== Stored data ==
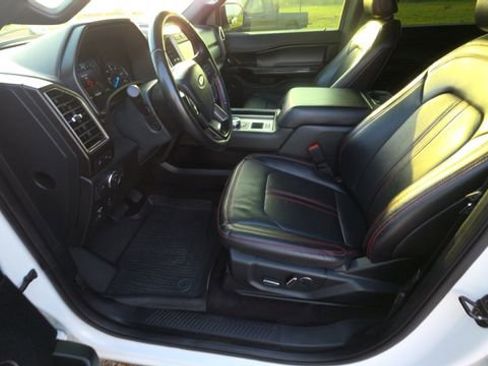 Used 2021 Ford Expedition Max Limited RWD image 13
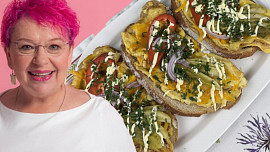 Plzeňská smaženka podle Mirky van Gils Slavíkové: Díky ní vzpomínám na svou první brigádu v mléčném baru, říká cukrářka Plzeňská smaženka podle Mirky van Gils Slavíkové: Díky ní vzpomínám na svou první brigádu v mléčném baru, říká cukrářka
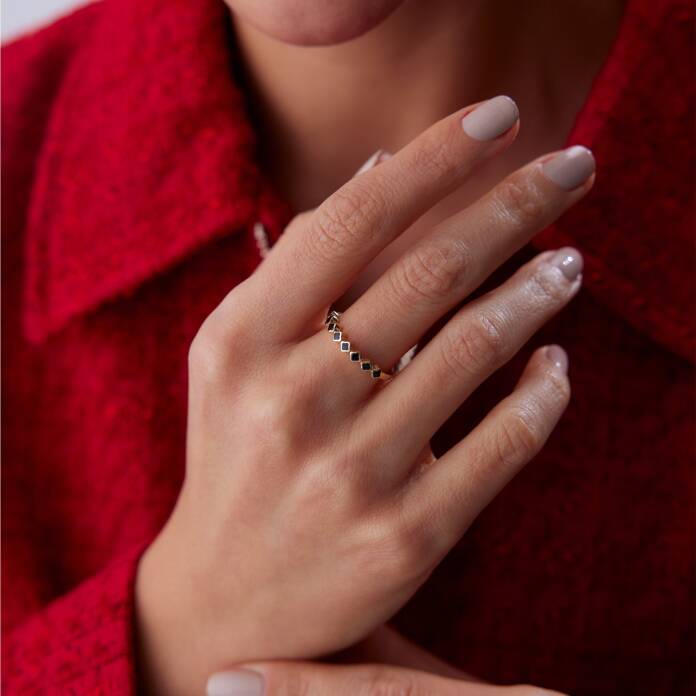 Siyah Mineli Sıra Yonca Yüzük - 1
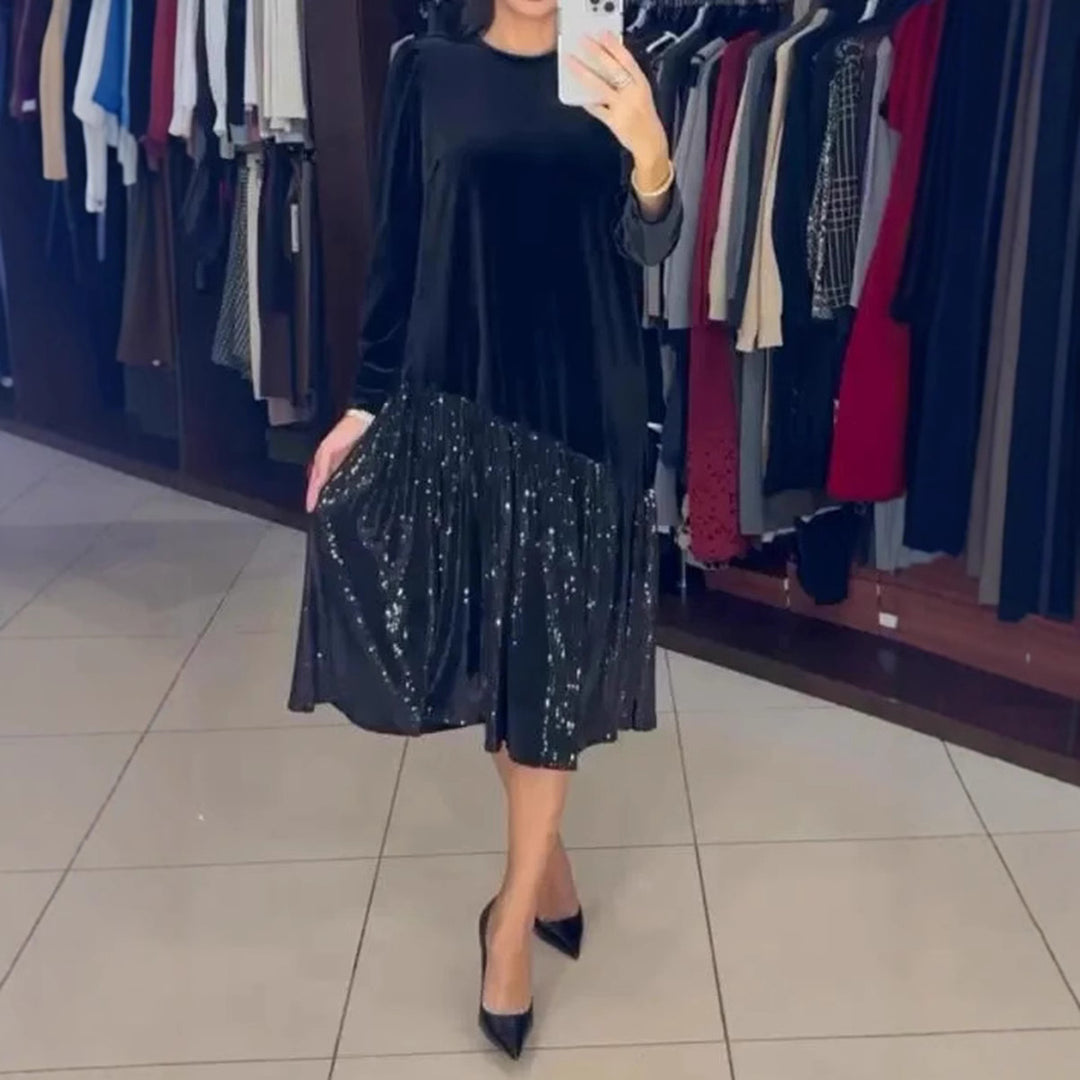 Damer elegant festklänning med glittrande kjol och mjuk topp Mirla-Eva Jonsson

== Exercise aim ==
Begin with the line that contains "říká cukrářka Plzeňská" and repeat every line through the end of the data, exactly and only those lines, leaving out the pictures.

== Answer area ==
 Plzeňská smaženka podle Mirky van Gils Slavíkové: Díky ní vzpomínám na svou první brigádu v mléčném baru, říká cukrářka Plzeňská smaženka podle Mirky van Gils Slavíkové: Díky ní vzpomínám na svou první brigádu v mléčném baru, říká cukrářka
 Siyah Mineli Sıra Yonca Yüzük - 1
 Damer elegant festklänning med glittrande kjol och mjuk topp Mirla-Eva Jonsson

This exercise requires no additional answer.